Ag2Se/conjugated polyelectrolyte heterojunction films for high-performance flexible thermoelectrics

Abstract

Silver selenide (Ag2Se) has emerged as a promising room temperature thermoelectric material due to its intrinsically high performance, tunable electronic structure, and environmental compatibility. To further enhance its thermoelectric performance, a heterojunction engineering strategy is implemented herein by introducing a conjugated polyelectrolyte (CPE) at the Ag2Se surface. The resulting ion-electron coupling forms an electron-rich interfacial channel that serves as a highly conductive charge transport pathway.
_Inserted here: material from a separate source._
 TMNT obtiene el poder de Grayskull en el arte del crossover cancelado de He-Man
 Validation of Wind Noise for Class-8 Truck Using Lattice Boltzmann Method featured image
Consequently, the planar heterojunction (PHJ) composite film delivers an electrical conductivity (σ) of 2209.7 ± 226.9 S cm−1 and an impressive power factor (PF) of 2629.3 ± 291.0 µW m−1 K−2 at 303K, representing the highest reported values among Ag2Se-based composite films. Moreover, flexible thermoelectric generators (TEGs) fabricated from the PHJ film exhibit excellent mechanical flexibility, with only minor resistance changes after repeated bending at 35% curvature. These findings highlight the strong potential of the Ag2Se/CPE heterojunction film as a high-performance platform for flexible thermoelectric power generation in next-generation wearable electronics.